Frequently Asked Questions
Can Australians start a business in the UK?
Yes. Australians can start and own a UK business without being a UK resident or citizen. The most common route is registering a private limited company (Ltd) with Companies House, which can be done entirely online from Australia.
Do I need a UK director to register a company in the UK?
A local UK director is not legally required by Companies House — directors don't need to live in the UK. However, having one can simplify banking and add credibility with UK customers and investors..
What is the difference between a UK branch and a UK subsidiary for Australian businesses?
A branch is an extension of the Australian company (not a separate legal entity), while a subsidiary is a separately incorporated UK company. Most Australian businesses choose the subsidiary route for liability protection, easier banking, and access to UK investor schemes.
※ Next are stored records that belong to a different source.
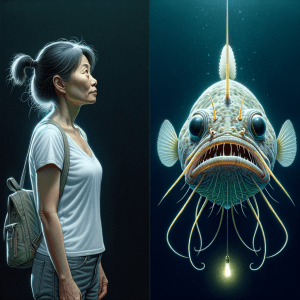 angler fish compared to human 2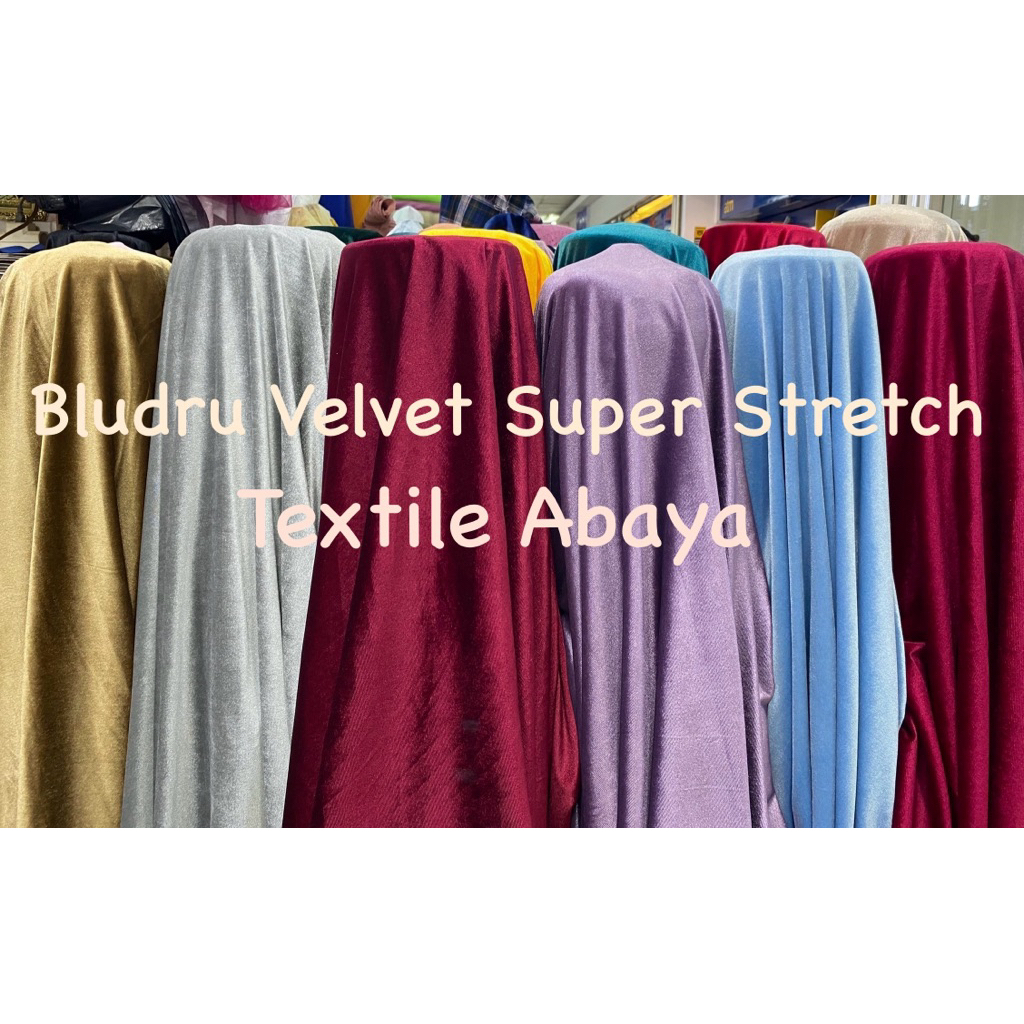 Kain Bludru Velvet Super Stretch / Kain Beludru Polos / Kain Beludru Velvet 0.5 Meter (persetengah m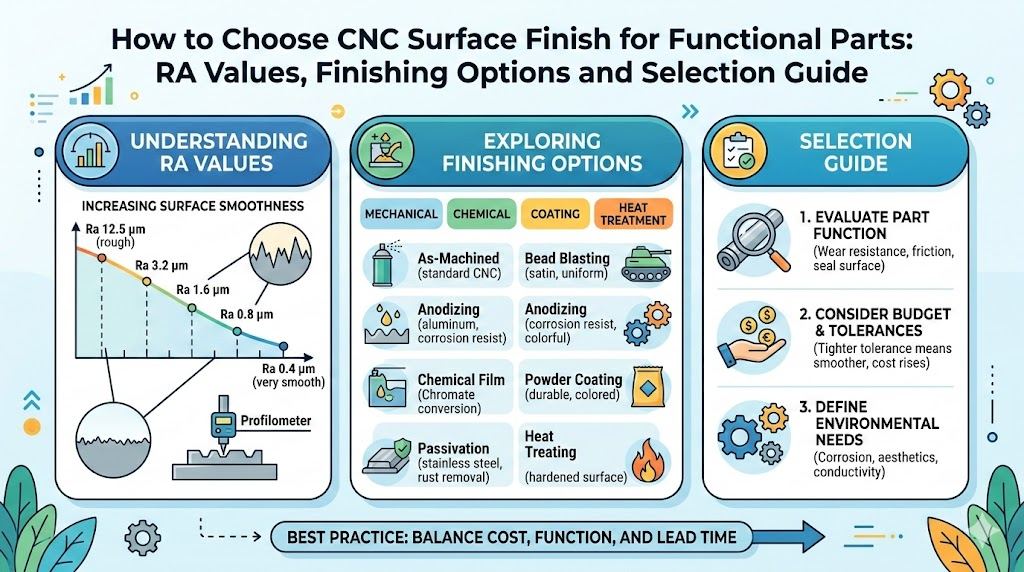 How to Choose CNC Surface Finish for Functional Parts: RA Values, Finishing Options and Selection Guide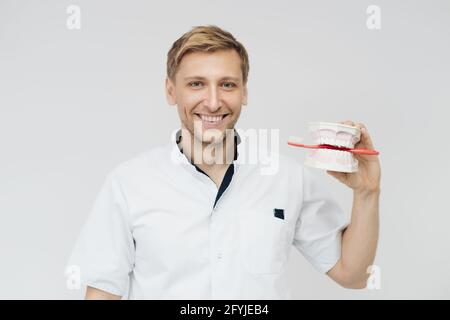 Dentista che mostra la corretta igiene dentale utilizzando mock-up di scheletro di denti. Medico stomatologo che spiega la corretta igiene dentale per il paziente che tiene un campione di mandibola umana con spazzolino da denti. Foto Stock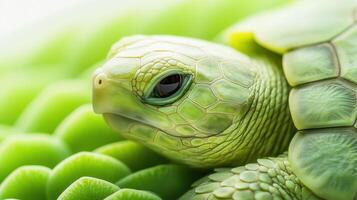 Close-up of a green turtle resting on vibrant green leaves, showcasing its unique texture and gentle expression. photo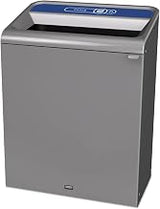 Rubbermaid Commercial Products Configure 1 Stream Paper Trash Can, 45 Gal, Grey Stenni, Indoor for Stadiums/Food Courts/Airports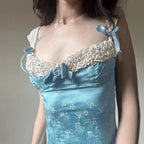 Damen Spaghetti-Trägertop mit floralen Akzenten und Rüschendetails R&B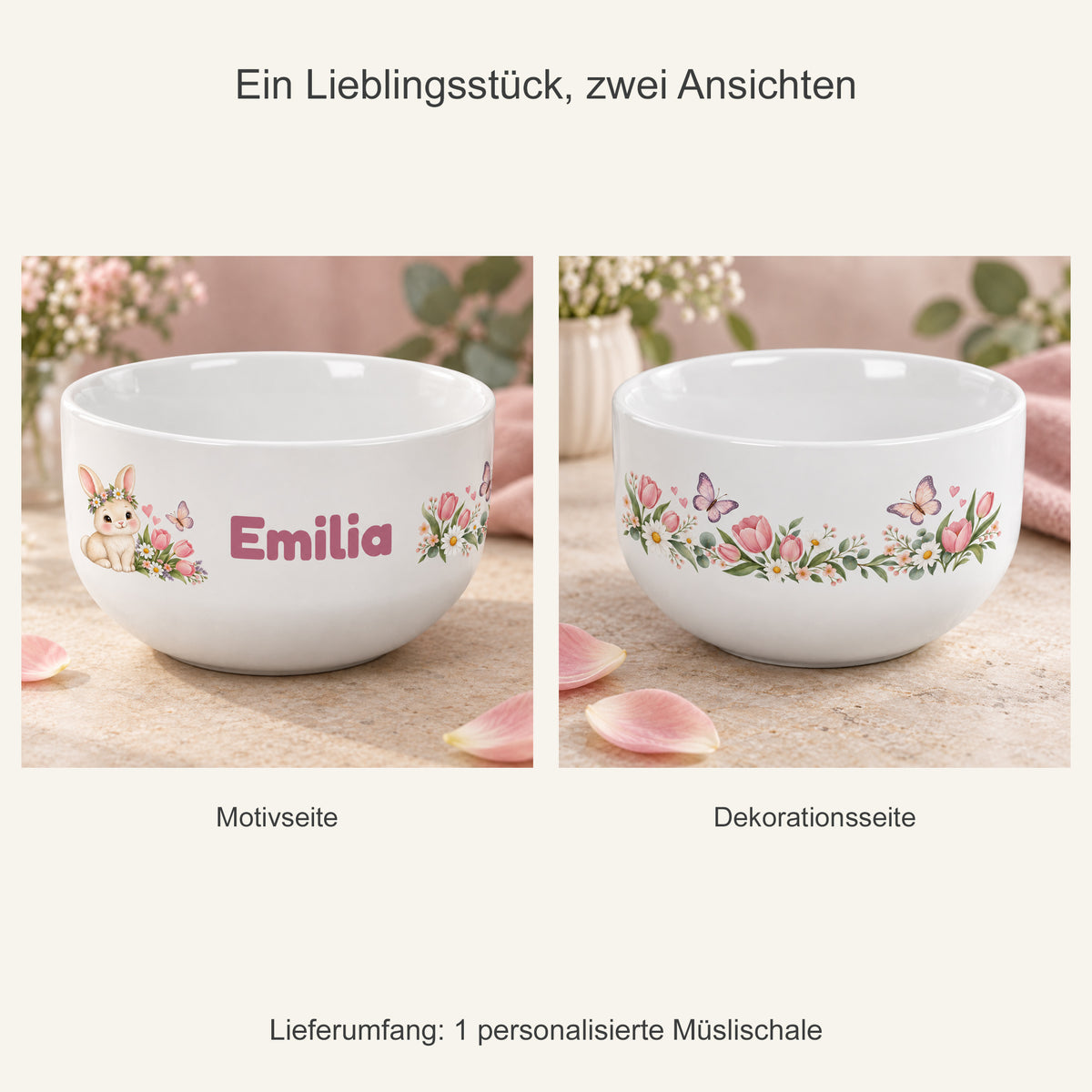Zwei Ansichten einer einzelnen Müslischale mit Hase-Motiv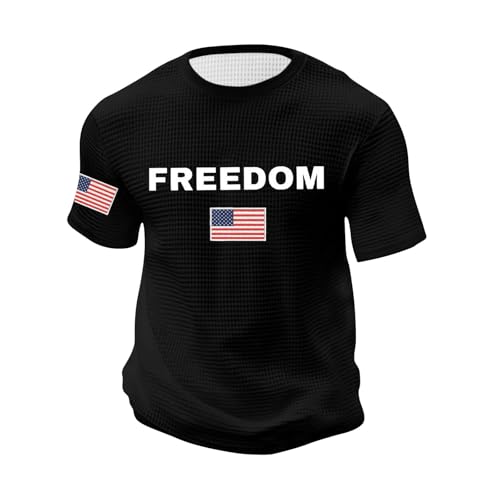 True Charlie Kirk 2025 Flag Men's Freedom American Flag Print Round Neck T-Shirt Short Sleeve USA Freedom Top Graphic Tee A True Patriot Shirt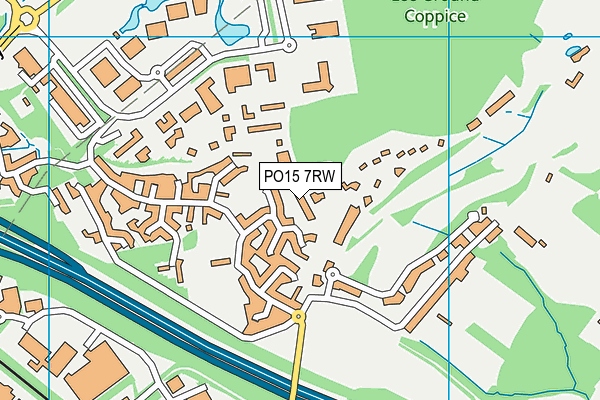 PO15 7RW map - OS VectorMap District (Ordnance Survey)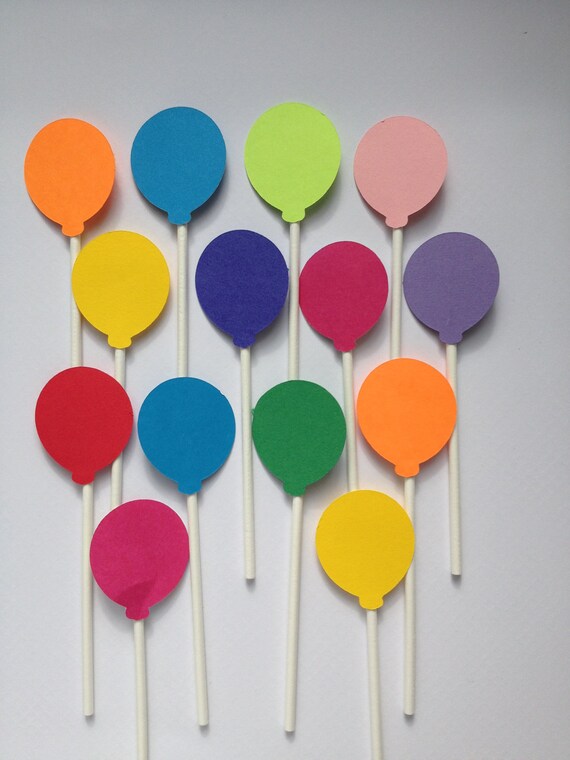 12 Bright Colored Balloon Cupcake Toppers by MiaSophias on Etsy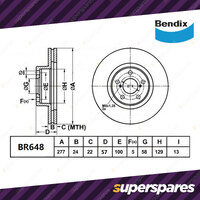 Bendix ULT Front Disc Rotors + Brake Pads for Subaru Liberty Outback BD BG BE BH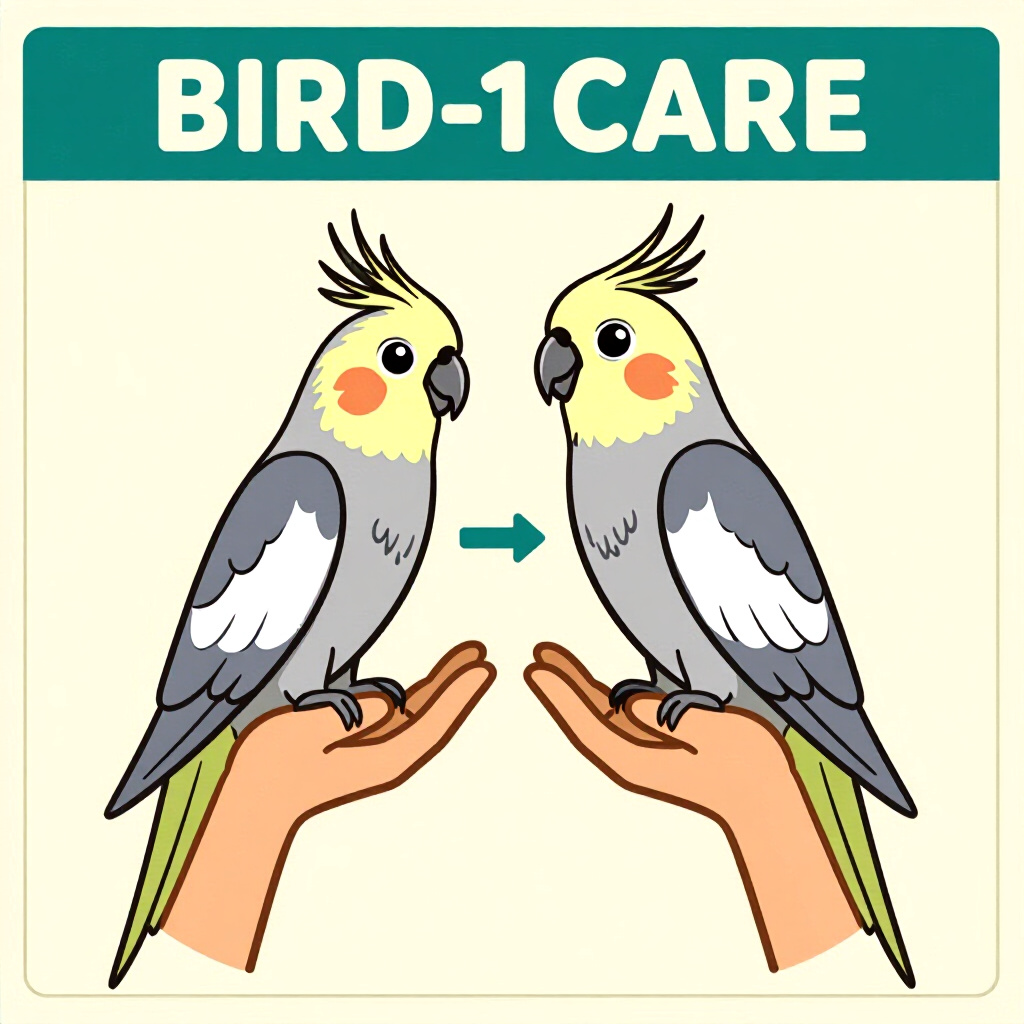 AI generated cockatiel: picture about bird care. picture style: comic introduction cockatiel week1 handtaming blueprint, hig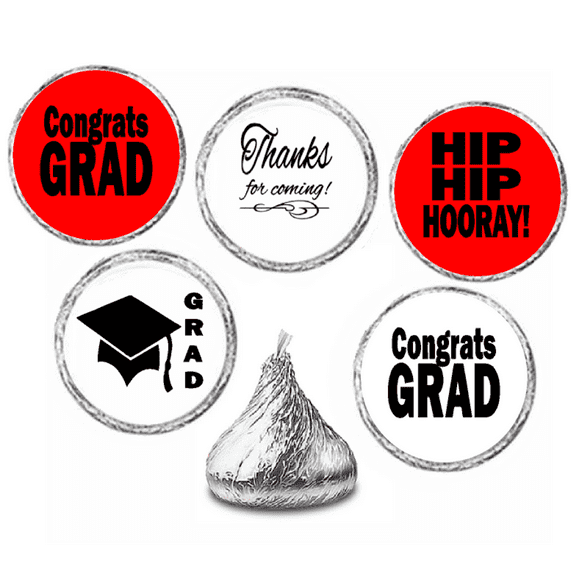 216 Graduation Party Favor Decorations Candy Mini Stickers Labels Fits Kisses Chocolates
How long does it take to register a company in the UK from Australia?
Online registration with Companies House typically takes 24–48 hours. Full operational readiness — including HMRC tax registration, banking setup, and a registered address — generally takes 2–6 weeks.
What taxes does an Australian-owned UK company need to pay?
UK corporation tax on UK profits, VAT once turnover exceeds £90,000, and employer NICs if staff are hired. The AU-UK Double Tax Agreement prevents the same income from being taxed in both countries.
Do I need a visa to run a UK business from Australia without relocating?
No visa is required to own a UK company while remaining in Australia. A visa is only needed if the founder or employees plan to physically live or work in the UK for more than six months.